The problem is that the sizeof operator checks the size of it's argument. The argument passed in your sample code is WCHAR*. So, the sizeof(WCHAR*) is 4. If you had an array, such as WCHAR foo[23], and took sizeof(foo), the type passed is WCHAR[23], essentially, and would yield sizeof(WCHAR) * 23. Effectively at compile type WCHAR* and WCHAR[23] are different types, and while you and I can see that the result of new WCHAR[23] is functionally equivalent to WCHAR[23], in actuality, the return type is WCHAR*, with absolutely no size information.

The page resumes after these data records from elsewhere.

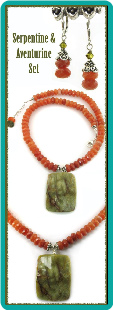 Serpentine and Red-Orange Aventurine Necklace &  Earrings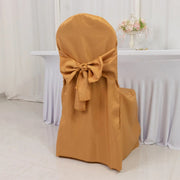10 Polyester Banquet Chair Covers with Attached Sashes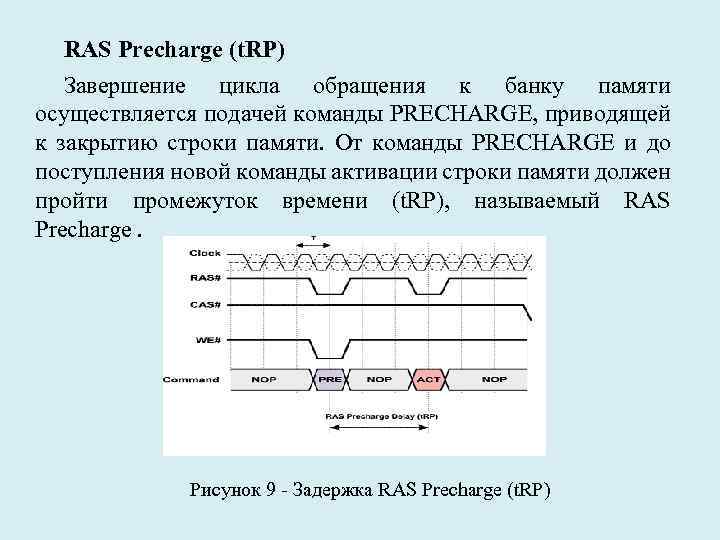 RAS Precharge (t. RP) Завершение цикла обращения к банку памяти осуществляется подачей команды PRECHARGE,
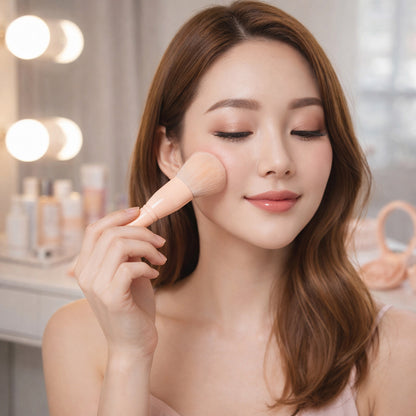 Wukusy 5-in-1 makeup brush set with mirror, compact cosmetic kit, including brushes and a mirror in a sleek box.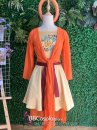 Bộ Váy Tứ Thân Cách Tân Yếm Vàng Áo Cam
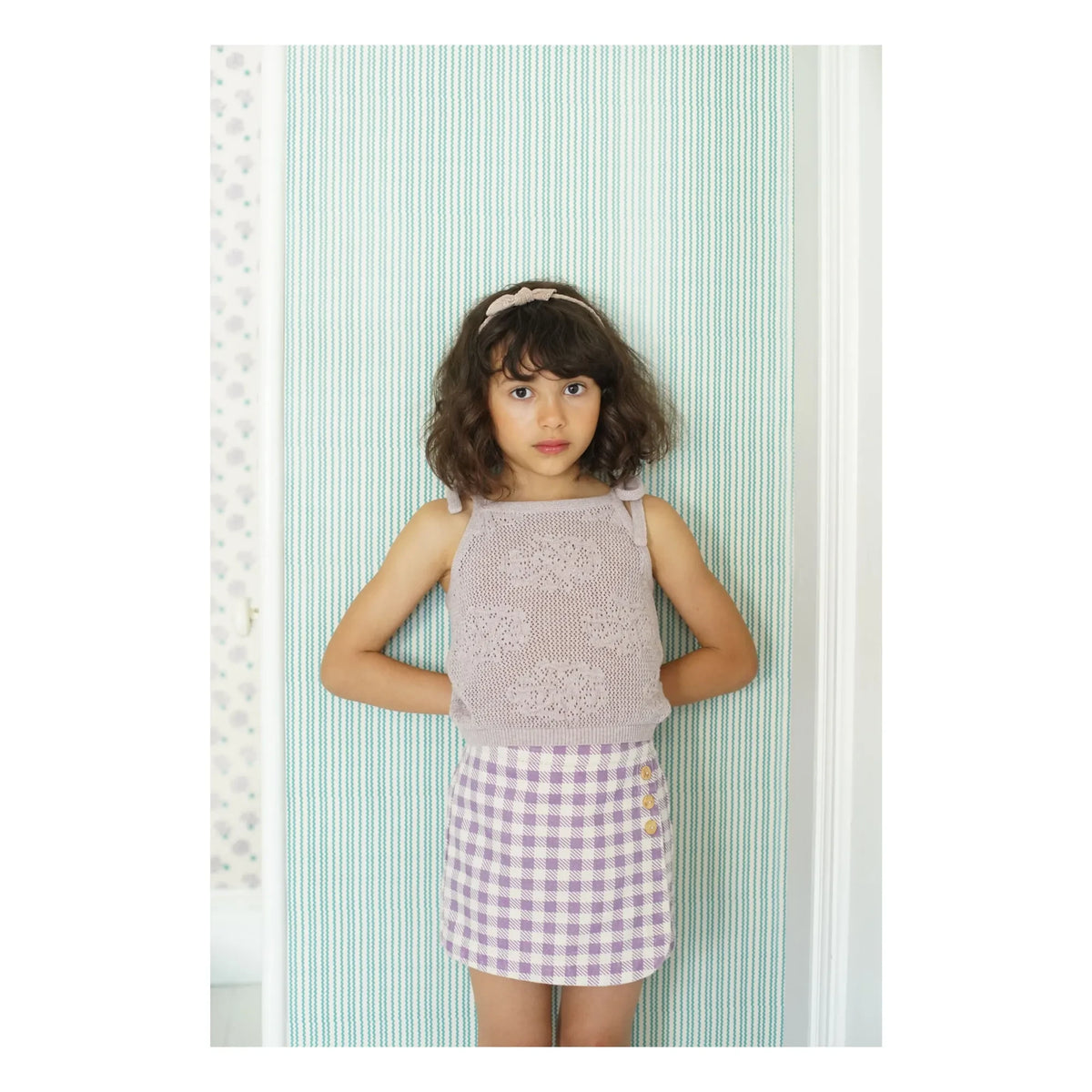 Soor Ploom - Olive Colored Checkered Short Skirt | Lilac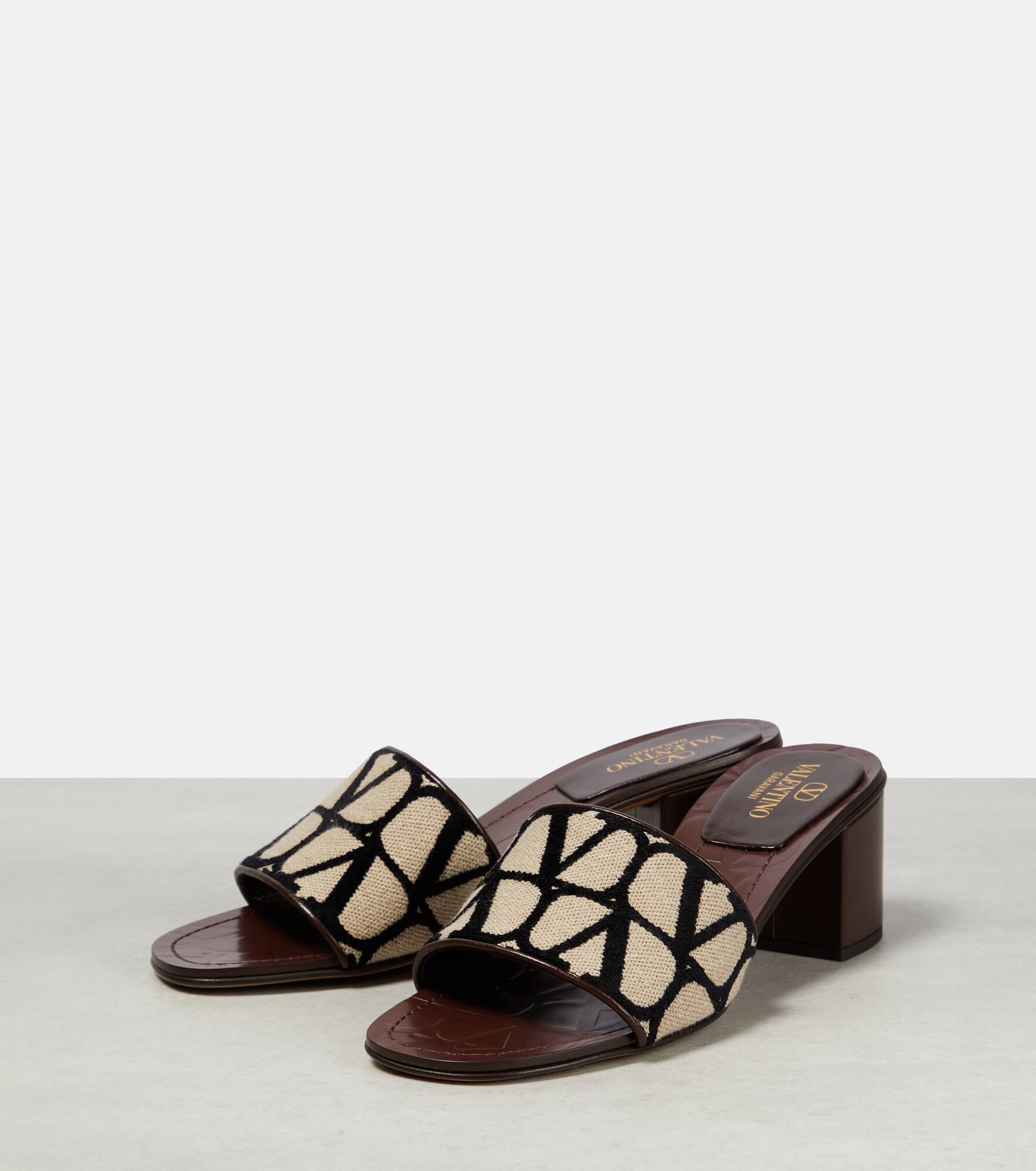 Toile Iconographe leather-trimmed mules - 5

As a corellary, since sizeof(new WCHAR[23]) equals 4 on your platform, you're obviously dealing with an architecture where a pointer is 4 bytes. If you built this on an x64 platform, you'd find that sizeof(new WCHAR[23]) will return 8.
You wrote:
WCHAR* str = new WCHAR[23];
if 23 is meant to be a static value, (not variable in the entire life of your program) it's better use #define or const than just hardcoding 23.
#define STR_LENGTH 23
WCHAR* str = new WCHAR[STR_LENGTH];
size_t len = (size_t) STR_LENGTH;
or C++ version
const int STR_LENGTH = 23;
WCHAR* str = new WCHAR[STR_LENGTH];
size_t len = static_cast<size_t>(STR_LENGTH);